March 24, 2011 | The Weekly Standard

The Unknown in Libya

The Los Angeles Times reports:

Despite fears that Islamic extremists may be playing a hidden role in the rebellion against Moammar Kadafi, the U.S. intelligence community has found no organized presence of Al Qaeda or its allies among the Libyan opposition, American officials say.

A U.S. intelligence-gathering effort that began shortly after anti-Kadafi forces started seizing towns in eastern Libya last month has not uncovered a significant presence of Islamic militants among the insurgents.

We shouldn’t have much confidence in the U.S. intelligence community’s efforts in places like Libya, which has been “closed for business” to our spooks for years. History has repeatedly proven that the community is behind the curve in such closed societies and it is doubtful that collection has improved dramatically in the last several weeks.

Chances are that, as is pointed out later in the Los Angeles Times piece, the intelligence community has poor collection inside Libya and the real answer it should be giving is: “We don’t know.”

That said, there is no reason to believe the rebels are primarily Islamists/jihadists at this point. The rebellion appears to be a conglomeration of interests, ranging from tribal leaders who have long opposed Qaddafi’s rule to former regime members who have betrayed their insane leader. Certainly, unsavory characters are playing some role, we just can’t be sure how much of one.

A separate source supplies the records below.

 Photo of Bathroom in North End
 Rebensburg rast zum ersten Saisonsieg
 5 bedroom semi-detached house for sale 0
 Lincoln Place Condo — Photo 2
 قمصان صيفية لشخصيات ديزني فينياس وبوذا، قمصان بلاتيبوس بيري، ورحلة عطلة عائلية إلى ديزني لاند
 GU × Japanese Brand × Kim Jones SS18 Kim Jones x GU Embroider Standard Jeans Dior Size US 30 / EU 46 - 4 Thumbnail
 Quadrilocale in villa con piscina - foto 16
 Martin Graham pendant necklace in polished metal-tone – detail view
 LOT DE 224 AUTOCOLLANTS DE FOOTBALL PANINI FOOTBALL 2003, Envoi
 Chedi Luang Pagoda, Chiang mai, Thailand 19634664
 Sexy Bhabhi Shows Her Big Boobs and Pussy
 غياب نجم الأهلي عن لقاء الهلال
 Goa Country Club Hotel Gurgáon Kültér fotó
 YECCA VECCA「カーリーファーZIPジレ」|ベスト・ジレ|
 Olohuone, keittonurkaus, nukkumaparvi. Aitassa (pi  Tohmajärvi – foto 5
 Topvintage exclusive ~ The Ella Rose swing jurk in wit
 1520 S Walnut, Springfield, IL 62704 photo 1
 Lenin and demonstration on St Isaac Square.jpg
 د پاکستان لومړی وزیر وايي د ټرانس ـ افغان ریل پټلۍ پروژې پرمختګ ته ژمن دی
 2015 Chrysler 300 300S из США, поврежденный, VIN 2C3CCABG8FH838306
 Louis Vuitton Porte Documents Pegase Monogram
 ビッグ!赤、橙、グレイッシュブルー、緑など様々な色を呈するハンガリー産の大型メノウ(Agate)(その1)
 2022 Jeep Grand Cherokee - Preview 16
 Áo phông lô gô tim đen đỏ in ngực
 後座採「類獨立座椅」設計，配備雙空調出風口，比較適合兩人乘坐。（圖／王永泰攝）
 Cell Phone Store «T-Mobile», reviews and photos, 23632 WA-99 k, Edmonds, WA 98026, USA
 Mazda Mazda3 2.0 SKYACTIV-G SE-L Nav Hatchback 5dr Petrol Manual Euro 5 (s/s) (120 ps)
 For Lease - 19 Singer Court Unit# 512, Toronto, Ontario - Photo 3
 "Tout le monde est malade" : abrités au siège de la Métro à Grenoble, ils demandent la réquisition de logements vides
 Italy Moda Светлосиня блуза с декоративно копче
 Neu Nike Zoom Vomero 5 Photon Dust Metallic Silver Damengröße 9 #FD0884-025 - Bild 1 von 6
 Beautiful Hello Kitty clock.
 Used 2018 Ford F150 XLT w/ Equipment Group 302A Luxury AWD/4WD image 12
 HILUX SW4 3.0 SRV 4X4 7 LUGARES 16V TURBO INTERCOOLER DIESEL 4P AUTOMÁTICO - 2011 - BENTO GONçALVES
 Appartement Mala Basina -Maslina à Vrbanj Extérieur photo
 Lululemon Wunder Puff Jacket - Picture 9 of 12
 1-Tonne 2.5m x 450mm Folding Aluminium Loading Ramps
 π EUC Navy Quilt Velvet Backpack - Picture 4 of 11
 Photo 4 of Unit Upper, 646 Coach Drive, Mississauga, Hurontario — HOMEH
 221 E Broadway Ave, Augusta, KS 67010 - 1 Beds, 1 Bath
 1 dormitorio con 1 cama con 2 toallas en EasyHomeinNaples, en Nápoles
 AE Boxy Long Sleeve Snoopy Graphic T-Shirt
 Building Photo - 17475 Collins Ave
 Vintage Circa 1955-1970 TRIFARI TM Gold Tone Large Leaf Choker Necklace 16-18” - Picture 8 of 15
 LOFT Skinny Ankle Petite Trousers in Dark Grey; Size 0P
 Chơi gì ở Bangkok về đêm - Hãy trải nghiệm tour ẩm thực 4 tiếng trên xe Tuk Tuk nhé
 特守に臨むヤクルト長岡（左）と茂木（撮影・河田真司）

Libya has been an exporter of jihadists for decades, and especially since September 11, 2001. So, we know a jihadist infrastructure exists there. In particular, Derna, in eastern Libya, is a hotbed for Islamic extremism. And the Libyan Islamic Fighting Group (LIFG), a known al Qaeda affiliate, has a longstanding presence in the country.

For self-serving reasons, Qaddafi has attempted to play up al Qaeda’s role in the opposition, but in so doing he has made bizarre claims (e.g. Osama bin Laden and drugs are manipulating the rebels). He has also made allegations that are demonstrably false. For instance, Qaddafi and other Libyan officials have claimed that a former Guantanamo detainee named Abdul Hakim al Hasadi has set up an Islamic emirate in eastern Libya. There’s just one problem: Abdul Hakim al Hasadi was never held at Guantanamo.

This doesn’t mean that al Hasadi, who says he is in charge of defending Derna, is necessarily a benign actor. In a recent interview with the Il Sole, an Italian publication, al Hasadi explained: “I have never been to Guantanamo. I was captured in 2002 in Peshawar in Pakistan, while I was returning from Afghanistan where I fought against the foreign invasion. I was handed over to the Americans, and held for a few months in Islamabad, delivered to Libya, and released in 2008.”

So, by his own account, al Hasadi joined the jihad in Afghanistan. There’s more. Il Sole asked al Hasadi about the jihadists sent from Iraq to Libya to fight.

“I sent over about 25,” al Hasadi told Il Sole’s reporter. “Some came back, and today are on the Ajdabiya front; they are patriots and good Muslims, not terrorists. I condemn the September 11 attacks, and attacks against innocent civilians in general. But the members of al Qaeda are also good Muslims, and are fighting against the invader.”

This doesn’t inspire confidence. While dismissing his ties to al Qaeda and condemning the September 11 attacks, al Hasadi concedes that he fought in Afghanistan, sent 25 more jihadists to fight in Iraq, and calls al Qaeda members “good Muslims.” And as John Rosenthal noted at Pajamas Media a few days ago, al Hasadi praised Osama bin Laden’s “good points” during an interview with The New York Times.

There is a temptation to see Libya through the “dictator vs. al Qaeda” or “al Qaeda vs. dictator” prism. Qaddafi certainly wants the West to view the conflict that way.

It is more complicated than that, but men such as al Hasadi should concern us. Given his jihadist ties and double-speak on al Qaeda, how can the U.S. intelligence community be so sure that al Hasadi and his ilk are not part of an “organized” al Qaeda-affiliated (or like-minded jihadist) “presence…among the Libyan opposition”?

We don’t know.

Thomas Joscelyn is a senior fellow at the Foundation for Defense of Democracies.